No one at Harvard University, no one at the National Institutes of Health, no member of the National Academy of Science, no Nobel Prize winner- no one at all can give a detailed account of how the celium, or vision or blood clotting or any complex biological process might have developed in a Darwinian fashion.
 ---Michael J. Behe in Darwin’s Black Box p 187, Touchstone, 1996

Phillip Johnson’s Darwin on Trial is the first (in time) best book pointing out the scientific and logical weaknesses of Darwinism.  The second (in time) best book, Michael Behe’s Darwin’s Black Box shows the weakness of Darwinism to offer even a theoretical explanation for the development of irreducibly complex mechanisms such as an eye or the sense of hearing.

5. Nature’s Destiny By Michael Denton

As an author and speaker, reading Denton’s Natures Destiny was a humbling experience.  Probably nowhere else are so many arguments for design listed and explained so clearly.  A “must read” for all interested in the topic of evidences for a designed universe.

6. Mere Creation, Intelligent Design By William Dembski

Mere Creation is a collection of chapters on design, where as Intelligent Design is Dembski’s own work.  Both are significant and valuable pieces of work, but can be challenging reading.  Dembski is a brilliant young mathematician and philosopher and appears to be the new leader for the design movement.

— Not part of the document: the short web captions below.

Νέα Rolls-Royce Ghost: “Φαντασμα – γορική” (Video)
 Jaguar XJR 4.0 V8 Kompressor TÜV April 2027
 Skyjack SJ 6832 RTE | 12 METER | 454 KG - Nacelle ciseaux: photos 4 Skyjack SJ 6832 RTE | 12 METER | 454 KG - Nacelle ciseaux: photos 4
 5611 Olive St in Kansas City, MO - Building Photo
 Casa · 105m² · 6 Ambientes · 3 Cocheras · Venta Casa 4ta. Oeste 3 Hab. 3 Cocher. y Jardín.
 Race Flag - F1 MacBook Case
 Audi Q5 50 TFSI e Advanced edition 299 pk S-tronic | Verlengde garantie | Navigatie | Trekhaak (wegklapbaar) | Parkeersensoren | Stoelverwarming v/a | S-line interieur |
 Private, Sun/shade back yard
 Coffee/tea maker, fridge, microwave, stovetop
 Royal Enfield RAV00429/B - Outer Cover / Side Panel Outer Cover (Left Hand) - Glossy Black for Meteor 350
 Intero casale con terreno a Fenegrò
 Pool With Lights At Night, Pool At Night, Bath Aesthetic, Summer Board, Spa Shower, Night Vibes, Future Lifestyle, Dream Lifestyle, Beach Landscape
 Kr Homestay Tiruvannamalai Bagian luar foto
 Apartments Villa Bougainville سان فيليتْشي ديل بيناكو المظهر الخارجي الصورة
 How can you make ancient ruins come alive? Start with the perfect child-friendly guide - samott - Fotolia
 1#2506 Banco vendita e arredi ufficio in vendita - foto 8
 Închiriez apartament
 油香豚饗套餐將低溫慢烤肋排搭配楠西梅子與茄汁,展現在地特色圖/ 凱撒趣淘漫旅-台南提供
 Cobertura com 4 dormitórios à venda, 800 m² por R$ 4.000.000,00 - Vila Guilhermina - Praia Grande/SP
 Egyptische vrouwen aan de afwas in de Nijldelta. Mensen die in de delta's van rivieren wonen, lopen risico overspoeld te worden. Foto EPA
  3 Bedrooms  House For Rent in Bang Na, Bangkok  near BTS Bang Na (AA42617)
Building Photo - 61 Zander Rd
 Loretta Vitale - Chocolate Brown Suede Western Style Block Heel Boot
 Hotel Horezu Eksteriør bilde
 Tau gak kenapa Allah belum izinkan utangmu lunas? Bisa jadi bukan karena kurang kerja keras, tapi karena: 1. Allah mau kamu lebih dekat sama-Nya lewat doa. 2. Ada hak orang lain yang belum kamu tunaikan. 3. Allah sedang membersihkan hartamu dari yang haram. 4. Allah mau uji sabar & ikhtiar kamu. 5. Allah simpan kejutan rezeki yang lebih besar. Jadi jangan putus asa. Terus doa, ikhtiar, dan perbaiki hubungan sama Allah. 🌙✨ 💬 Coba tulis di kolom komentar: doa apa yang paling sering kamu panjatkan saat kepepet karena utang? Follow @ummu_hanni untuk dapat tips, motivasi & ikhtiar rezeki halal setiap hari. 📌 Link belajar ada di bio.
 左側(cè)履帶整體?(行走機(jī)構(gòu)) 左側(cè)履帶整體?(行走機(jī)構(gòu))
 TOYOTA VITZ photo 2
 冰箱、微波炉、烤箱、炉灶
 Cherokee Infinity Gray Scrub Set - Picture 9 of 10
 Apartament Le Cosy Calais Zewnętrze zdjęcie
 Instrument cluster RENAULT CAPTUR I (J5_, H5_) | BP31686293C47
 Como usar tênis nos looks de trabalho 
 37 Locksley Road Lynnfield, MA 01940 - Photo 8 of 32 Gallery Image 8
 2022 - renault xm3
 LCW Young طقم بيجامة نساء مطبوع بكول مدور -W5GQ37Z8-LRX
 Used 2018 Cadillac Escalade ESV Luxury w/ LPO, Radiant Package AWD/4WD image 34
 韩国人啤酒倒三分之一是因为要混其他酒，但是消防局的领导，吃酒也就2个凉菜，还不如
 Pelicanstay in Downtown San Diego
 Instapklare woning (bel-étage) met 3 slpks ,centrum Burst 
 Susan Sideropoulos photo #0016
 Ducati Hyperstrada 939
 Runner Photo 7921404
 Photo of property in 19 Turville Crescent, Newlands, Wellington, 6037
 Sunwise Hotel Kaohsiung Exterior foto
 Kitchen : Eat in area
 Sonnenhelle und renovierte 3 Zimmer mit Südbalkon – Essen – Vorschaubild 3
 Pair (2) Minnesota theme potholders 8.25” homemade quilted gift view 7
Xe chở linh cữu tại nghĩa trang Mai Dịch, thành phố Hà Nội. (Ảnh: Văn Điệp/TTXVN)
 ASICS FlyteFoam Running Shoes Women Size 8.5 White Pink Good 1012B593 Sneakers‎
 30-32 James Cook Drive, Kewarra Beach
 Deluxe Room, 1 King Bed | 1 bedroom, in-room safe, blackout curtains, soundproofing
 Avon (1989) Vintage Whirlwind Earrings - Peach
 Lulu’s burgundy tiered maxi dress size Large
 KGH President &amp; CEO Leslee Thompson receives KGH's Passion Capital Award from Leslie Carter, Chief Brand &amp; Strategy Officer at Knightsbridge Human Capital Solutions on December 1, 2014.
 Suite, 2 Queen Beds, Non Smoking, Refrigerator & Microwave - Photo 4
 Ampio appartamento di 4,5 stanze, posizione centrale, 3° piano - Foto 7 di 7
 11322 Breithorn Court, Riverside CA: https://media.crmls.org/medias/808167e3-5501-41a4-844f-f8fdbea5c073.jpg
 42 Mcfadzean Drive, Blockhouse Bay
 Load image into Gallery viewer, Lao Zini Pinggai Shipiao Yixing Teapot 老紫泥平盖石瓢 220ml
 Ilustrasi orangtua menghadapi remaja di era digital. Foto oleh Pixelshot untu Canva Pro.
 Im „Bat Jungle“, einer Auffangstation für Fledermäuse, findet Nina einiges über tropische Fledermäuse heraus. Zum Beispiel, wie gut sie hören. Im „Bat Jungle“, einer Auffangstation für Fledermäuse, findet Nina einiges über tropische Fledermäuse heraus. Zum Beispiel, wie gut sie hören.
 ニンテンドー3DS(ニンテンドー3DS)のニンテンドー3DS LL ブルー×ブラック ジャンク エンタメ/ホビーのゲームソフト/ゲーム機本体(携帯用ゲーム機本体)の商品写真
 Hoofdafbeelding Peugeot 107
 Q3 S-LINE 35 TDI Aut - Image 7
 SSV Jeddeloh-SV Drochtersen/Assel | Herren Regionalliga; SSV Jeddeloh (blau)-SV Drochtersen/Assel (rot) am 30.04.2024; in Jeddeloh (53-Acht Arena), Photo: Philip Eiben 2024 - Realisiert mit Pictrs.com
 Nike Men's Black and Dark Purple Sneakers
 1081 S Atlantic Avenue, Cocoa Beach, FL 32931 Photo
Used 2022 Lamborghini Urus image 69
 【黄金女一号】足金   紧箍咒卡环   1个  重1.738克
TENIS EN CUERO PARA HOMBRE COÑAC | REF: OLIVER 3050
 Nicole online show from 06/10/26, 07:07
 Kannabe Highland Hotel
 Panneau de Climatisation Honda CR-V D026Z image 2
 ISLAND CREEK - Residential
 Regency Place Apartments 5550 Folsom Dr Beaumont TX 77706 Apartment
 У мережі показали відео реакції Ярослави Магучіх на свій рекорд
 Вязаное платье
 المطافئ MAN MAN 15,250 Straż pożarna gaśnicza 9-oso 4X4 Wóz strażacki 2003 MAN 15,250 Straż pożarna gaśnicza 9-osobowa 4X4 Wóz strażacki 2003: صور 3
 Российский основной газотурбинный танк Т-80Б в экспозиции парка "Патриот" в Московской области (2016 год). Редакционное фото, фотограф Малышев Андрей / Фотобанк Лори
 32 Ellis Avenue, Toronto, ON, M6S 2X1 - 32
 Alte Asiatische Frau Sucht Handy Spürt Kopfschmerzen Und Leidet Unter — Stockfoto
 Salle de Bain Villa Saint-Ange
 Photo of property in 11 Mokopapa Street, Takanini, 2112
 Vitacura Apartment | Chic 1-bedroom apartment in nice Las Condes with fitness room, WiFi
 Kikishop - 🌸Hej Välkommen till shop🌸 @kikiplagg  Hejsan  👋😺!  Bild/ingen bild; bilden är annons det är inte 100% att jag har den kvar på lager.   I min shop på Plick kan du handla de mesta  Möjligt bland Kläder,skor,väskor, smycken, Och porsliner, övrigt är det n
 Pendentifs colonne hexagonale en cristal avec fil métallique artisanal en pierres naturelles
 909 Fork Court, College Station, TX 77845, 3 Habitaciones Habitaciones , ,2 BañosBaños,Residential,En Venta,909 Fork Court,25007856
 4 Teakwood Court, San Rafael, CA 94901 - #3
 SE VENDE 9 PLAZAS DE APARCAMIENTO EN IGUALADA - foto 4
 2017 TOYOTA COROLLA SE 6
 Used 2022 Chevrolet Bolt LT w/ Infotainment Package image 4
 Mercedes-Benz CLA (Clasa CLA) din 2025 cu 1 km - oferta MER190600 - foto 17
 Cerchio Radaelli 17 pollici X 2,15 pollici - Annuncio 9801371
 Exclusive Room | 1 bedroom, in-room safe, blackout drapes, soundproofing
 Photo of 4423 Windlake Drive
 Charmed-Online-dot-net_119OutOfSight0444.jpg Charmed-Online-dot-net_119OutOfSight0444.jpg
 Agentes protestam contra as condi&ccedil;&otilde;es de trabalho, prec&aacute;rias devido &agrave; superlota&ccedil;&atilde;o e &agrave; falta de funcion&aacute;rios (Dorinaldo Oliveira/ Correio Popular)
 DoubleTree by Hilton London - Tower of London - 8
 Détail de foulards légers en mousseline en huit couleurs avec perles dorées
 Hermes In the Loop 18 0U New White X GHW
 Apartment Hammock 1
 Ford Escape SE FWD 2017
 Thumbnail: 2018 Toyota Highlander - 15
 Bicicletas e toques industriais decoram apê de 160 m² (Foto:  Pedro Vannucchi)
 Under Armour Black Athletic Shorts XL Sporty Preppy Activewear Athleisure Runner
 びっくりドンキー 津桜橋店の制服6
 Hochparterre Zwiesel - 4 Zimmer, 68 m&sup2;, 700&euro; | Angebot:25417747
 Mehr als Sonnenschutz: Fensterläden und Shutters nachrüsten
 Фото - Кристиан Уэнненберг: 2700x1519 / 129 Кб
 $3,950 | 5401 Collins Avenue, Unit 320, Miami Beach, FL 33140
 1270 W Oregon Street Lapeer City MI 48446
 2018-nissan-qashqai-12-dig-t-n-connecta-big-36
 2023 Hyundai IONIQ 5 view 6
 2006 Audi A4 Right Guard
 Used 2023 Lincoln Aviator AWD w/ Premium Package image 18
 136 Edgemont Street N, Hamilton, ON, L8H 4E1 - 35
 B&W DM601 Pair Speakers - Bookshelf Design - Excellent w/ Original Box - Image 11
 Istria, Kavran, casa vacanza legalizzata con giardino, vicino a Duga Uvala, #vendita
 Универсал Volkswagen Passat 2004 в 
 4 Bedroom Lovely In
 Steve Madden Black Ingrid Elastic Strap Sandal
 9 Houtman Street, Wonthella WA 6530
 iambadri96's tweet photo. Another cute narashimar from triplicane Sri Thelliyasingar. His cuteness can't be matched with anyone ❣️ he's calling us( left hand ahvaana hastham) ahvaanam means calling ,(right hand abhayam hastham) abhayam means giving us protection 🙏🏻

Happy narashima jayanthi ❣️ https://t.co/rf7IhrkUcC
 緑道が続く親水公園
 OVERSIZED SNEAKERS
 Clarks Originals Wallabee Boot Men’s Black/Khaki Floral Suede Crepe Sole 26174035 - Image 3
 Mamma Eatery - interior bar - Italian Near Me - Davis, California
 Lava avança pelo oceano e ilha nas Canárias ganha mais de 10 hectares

7. The First Three Minutes, Dreams of a Final Theory By Steven Weinberg

the more the universe seems comprehensible the more it seems pointless.
--- Stephen Weinberg, Nobel laureate, in The First Three Minutes, Basic Books, 1993

Weinberg is one of the most famous practicing nuclear physicists, having co-discovered the unification of the electromagnetic and weak nuclear force unification. He claims to regret his quote above, and his perspective does not appear to be that of a theist, however his books are considered classics in the field of understanding the cosmos.  I feel I’m counted in the company of Freeman Dyson we he says: “I have some disagreement with Weinberg’s philosophy, but I have no disagreement with his facts.”

8. The Inflationary Universe By Alan Guth

Any current understanding of big bang cosmology requires understanding “Inflation.”  This book is written by the man who discovered/invented it.  A bit challenging in some chapters, but Guth has an engaging style.

9. Universes  By John Leslie

Leslie’s book is a good compendium of facts relating to the universe and the big bang.  He does a good job on the “fine tuning” arguments.

10.  The Little Book of the Big Bang By Craig Hogan

This is an excellent, little book about the big bang.